Excerpted records:
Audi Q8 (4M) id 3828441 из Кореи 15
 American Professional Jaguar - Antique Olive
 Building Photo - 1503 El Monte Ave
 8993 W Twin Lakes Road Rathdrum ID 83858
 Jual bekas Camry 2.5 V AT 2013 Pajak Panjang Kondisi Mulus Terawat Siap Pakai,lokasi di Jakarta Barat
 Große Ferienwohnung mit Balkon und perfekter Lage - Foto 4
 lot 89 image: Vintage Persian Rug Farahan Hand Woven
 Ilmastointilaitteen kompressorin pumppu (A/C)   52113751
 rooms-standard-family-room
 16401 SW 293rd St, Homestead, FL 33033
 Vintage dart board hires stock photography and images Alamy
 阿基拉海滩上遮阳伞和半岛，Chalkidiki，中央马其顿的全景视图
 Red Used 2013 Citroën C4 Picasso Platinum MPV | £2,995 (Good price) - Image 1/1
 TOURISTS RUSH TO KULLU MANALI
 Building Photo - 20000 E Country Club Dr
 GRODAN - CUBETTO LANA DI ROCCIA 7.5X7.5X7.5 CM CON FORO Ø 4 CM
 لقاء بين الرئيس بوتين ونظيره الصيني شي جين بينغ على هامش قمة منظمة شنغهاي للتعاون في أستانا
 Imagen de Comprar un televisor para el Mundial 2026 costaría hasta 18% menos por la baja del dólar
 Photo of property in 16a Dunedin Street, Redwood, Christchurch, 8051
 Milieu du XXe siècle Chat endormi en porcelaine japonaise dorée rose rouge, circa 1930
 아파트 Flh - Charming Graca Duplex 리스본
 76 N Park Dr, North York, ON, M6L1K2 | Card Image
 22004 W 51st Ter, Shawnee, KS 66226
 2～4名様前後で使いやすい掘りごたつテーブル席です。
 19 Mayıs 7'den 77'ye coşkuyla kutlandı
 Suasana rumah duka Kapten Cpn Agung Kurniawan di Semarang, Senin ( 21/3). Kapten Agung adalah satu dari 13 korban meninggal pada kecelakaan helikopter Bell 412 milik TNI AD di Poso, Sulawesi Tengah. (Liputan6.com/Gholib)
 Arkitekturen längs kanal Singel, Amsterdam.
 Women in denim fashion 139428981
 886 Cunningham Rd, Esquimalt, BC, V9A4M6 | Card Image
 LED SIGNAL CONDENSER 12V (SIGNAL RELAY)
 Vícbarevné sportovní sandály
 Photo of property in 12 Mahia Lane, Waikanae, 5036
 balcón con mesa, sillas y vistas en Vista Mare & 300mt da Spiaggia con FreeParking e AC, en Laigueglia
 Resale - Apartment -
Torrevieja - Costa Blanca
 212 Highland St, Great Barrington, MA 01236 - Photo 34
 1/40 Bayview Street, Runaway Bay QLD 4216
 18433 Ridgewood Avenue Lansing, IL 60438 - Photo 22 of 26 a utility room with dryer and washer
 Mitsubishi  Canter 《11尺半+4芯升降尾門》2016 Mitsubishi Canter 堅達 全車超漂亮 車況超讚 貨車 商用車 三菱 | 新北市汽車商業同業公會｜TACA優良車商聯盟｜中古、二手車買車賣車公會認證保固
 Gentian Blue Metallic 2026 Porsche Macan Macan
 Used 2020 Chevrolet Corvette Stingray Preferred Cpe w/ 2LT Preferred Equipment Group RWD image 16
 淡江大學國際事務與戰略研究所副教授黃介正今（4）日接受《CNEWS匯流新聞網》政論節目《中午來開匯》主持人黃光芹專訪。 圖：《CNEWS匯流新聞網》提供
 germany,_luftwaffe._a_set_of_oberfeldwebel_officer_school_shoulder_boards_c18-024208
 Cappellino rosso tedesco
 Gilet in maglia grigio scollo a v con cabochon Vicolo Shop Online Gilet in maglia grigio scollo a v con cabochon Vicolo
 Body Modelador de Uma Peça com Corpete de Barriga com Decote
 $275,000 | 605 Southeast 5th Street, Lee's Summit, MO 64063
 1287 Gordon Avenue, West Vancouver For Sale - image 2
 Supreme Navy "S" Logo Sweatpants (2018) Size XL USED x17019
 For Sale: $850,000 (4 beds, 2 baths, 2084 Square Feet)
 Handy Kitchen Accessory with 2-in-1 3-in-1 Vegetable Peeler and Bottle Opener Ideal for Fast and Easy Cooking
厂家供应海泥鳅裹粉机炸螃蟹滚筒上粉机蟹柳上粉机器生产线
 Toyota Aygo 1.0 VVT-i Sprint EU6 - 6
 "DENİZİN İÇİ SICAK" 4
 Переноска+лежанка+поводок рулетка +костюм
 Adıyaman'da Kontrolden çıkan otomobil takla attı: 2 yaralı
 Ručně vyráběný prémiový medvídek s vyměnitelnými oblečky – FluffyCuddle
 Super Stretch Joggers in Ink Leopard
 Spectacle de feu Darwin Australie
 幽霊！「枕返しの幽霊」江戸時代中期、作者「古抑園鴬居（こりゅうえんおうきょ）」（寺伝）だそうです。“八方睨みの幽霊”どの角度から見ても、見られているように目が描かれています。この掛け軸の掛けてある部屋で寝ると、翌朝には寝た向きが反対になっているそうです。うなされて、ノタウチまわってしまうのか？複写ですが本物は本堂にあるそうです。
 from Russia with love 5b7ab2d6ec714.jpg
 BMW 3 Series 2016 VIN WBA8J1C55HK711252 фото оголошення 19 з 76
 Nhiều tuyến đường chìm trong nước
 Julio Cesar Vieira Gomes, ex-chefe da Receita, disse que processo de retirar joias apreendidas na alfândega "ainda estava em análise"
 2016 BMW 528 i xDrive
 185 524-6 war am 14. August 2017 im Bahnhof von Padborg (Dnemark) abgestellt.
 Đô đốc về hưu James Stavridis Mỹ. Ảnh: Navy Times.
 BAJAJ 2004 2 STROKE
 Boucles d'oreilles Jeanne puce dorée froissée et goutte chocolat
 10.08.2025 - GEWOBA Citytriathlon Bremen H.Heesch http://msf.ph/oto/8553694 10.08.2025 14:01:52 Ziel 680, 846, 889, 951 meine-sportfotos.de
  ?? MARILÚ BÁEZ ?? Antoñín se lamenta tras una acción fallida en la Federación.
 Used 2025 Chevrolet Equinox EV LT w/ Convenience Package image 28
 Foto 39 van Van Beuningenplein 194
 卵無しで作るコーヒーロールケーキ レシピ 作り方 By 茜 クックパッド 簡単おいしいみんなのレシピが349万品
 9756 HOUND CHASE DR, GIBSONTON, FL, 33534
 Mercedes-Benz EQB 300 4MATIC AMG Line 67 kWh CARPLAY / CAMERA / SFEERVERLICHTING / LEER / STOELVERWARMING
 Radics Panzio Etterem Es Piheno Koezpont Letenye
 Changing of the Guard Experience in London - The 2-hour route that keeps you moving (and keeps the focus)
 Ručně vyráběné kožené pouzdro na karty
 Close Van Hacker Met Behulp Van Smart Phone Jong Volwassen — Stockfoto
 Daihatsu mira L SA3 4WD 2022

What needs to be done:
Starting with the first line of the listing above, copy each line exactly until you have copied the line containing "Jual bekas Camry". Stop there.

Task answer:
Audi Q8 (4M) id 3828441 из Кореи 15
 American Professional Jaguar - Antique Olive
 Building Photo - 1503 El Monte Ave
 8993 W Twin Lakes Road Rathdrum ID 83858
 Jual bekas Camry 2.5 V AT 2013 Pajak Panjang Kondisi Mulus Terawat Siap Pakai,lokasi di Jakarta Barat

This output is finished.